To Remember What You Read

Have you ever read something of significant value, but the next day or maybe even the next hour you were not able to recall what you had read? There are many reasons for this, which I discuss in my books on how to remember scripture. But as we learn new things there is a natural tendency to forget what we have just previously learned. It's called interference. New memories can crowd out or interfere with previously learned information, unless... we can somehow transfer that information from or fragile short-term memory (which lasts only a few seconds) into long term storage first.

There are two simple strategies for doing this - (1) creating sensory rich pictures as we go, and (2) anchoring these images to something familiar. These two simple strategies once learned and applied can vastly improve information storage and ease of retrieval. And what's more, they can actually both be accomplished at the same time in one easy process. I'll explain, and then you can try it for yourself.
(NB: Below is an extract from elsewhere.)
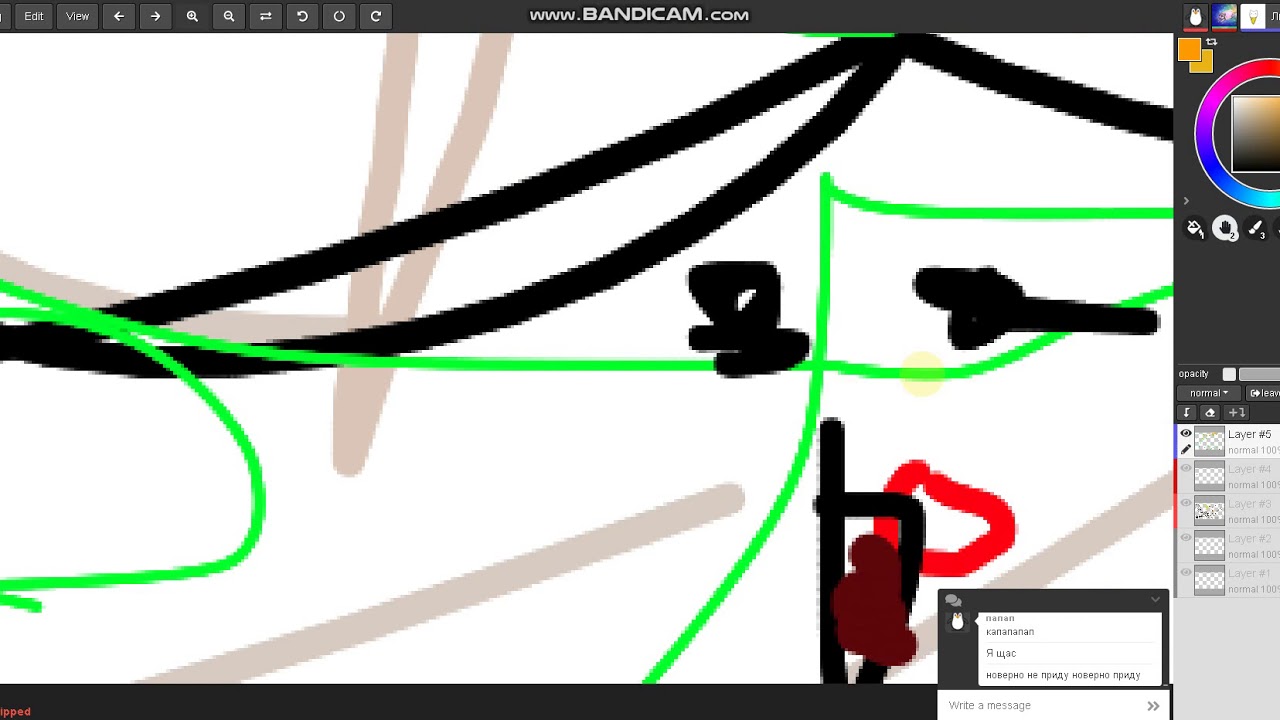 Aggie io рисовать онлайн на русском языке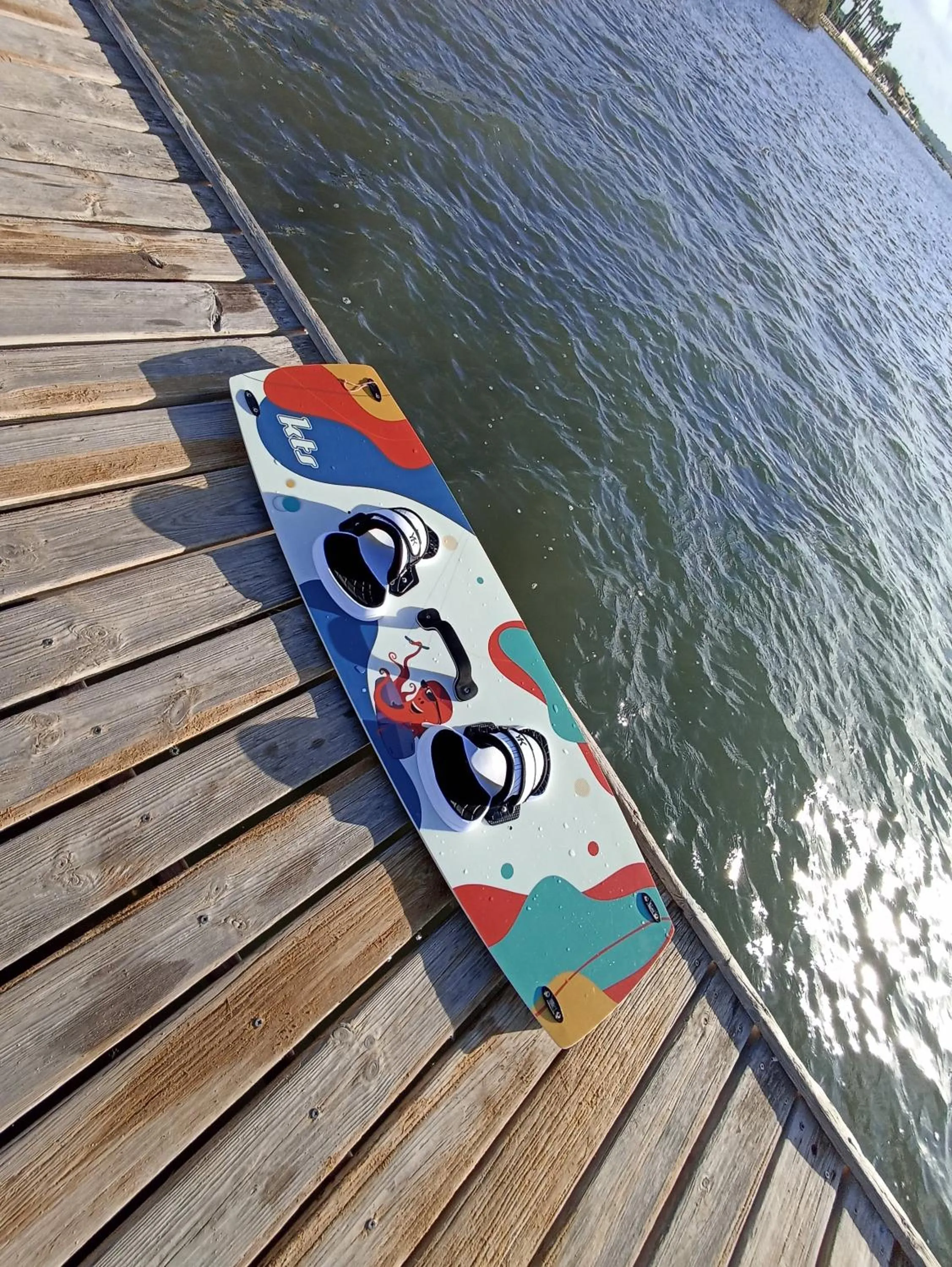 Natural landscape in B&B Al Vecchio Pontile B&B MARSALA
We've all heard the phrase "A picture is worth a thousand words." And so it is, especially when it comes to remembering. Our brain works well with pictures or images. Particularly familiar images are easy to store and retrieve while abstract concepts or ideas are hard for our brain to hold on to. That is one reason why Jesus taught in parables. These evoked images that were easy for them to picture identify with and later recall. So here is how you can anchor what you learn, for later easy access.

If you are about to read something that will be important for you to remember, first take a moment to identify a place you are familiar with, where you can tie or anchor this information to. It could be your backyard, some place in your neighborhood, a park, your local church, school or any other place you know well. Then try to picture the events or the essence of the information you are reading about, in that particular setting in sensory rich detail. That means taking just a few seconds to make those pictures or images vivid, with color, texture, even action. See the information, imagine how it feels, and add any sounds, smells or tastes that might be associated with these images in that setting. All this will help to create a much more memorable picture, anchored to a specific place.

So the next time you want this information you will know right where to go in your mind (on your mental map) to locate it, in rich detail.

Of course more information for creating sensory rich images, anchors and mental maps can be found in my books, but if you will just take a few minutes to practice this simple memory strategy next time you need to remember something you read, I think you will find your memory to be much more capable than you had previously thought.
Until next time, this is Dave Larsen.


Anne Bradshaw said...

I love this idea. Sounds like a winner. Now, if I can only keep remembering how to do it . . . :-)

Rebecca Talley said...

I find that if I can explain what I've just read, it becomes part of my long-term memory.

I'll try what you suggested and see how that works. Thanks.